I’m looking for some sanity checking and hints/pointers for a project I’m creating.
The project is keeping track of stock for a webshop, so it needs high availability. For this reason I settled on using distributed mnesia, so I can have transactions across an mnesia cluster. What I’m currently trying to figure out is dynamically adding nodes to the cluster - I know this is possible directly in mnesia using change_config and I believe the SyncM package was created for this as well. What I’m currently unsure of is whether any node in the cluster can add new nodes, or if it’s only the starting node that can do it.
My worry is handling split-brain scenarios and specifically handling the vm running the mnesia origin node going down. If the origin node is down, can another node take on the responsibility or will the cluster just be set in stone at that point?
Welcome to the elixirforum!
Here are a few pointers with the note that I have not actively worked with mnesia clusters for a while, so I may remember things wrong.

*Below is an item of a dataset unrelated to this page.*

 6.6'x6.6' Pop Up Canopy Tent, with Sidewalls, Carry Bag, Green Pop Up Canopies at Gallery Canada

Any node can add another node in the cluster. The cluster schema is also distributed. Split-brain scenarios must be handled manually. There are a couple of different strategies, mainly to just pick one side of the partition to be the correct one (using
majority option on the tables helps picking the right side), or using the
unsplit library. In terms of origin node going down you should be OK but one caveat to bear in mind (if I remember correctly) is if all the nodes in the cluster goes down, the cluster will not be able to start until the last living node is back up again. You can force start this, but risk losing data.
Also, mnesia was not designed to dynamically add and remove nodes and it is a bit clunky to do this. Especially removing nodes which are dead (the node must be alive to be removed and if it is truly dead you may have to start a new node with the same node name as the old one to remove it).

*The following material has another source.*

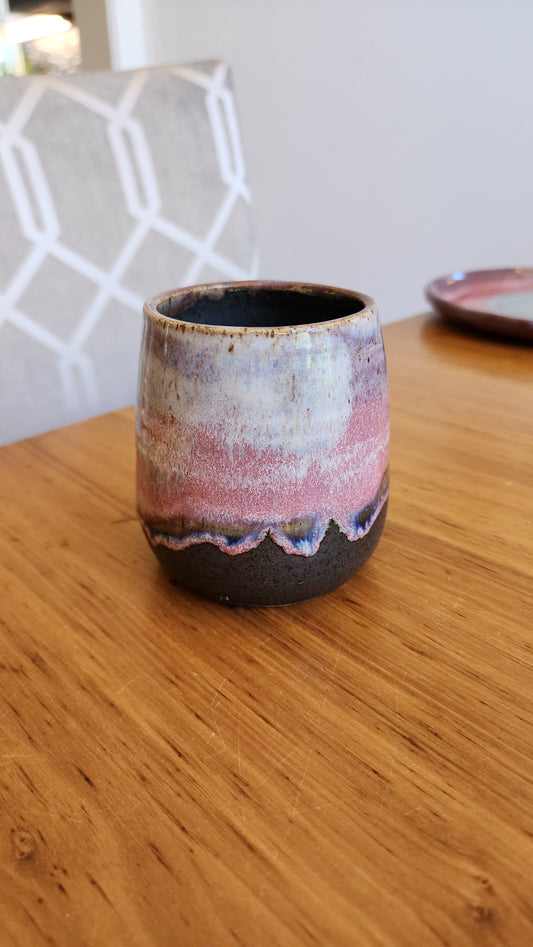 Hand Glazed Smoky Blush Wine Glass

Regardless, mnesia is fun!
Thanks! That helps me on my way I’ll do some experimenting with this.
Basically I intend for mnesia to be a proxy for a postgres/mysql backend db - as long as I don’t have a split I just read/write to mnesia and write to the backend, but never reading from it.
In case of a split I can then figure out exactly how to handle things, but I’m basically thinking to go round mnesia in that case - either disabling the node if no db access, or just hitting the db directly. When the network heals I can then bring mnesia back up to speed again. Something along those lines - need to test the scenarios.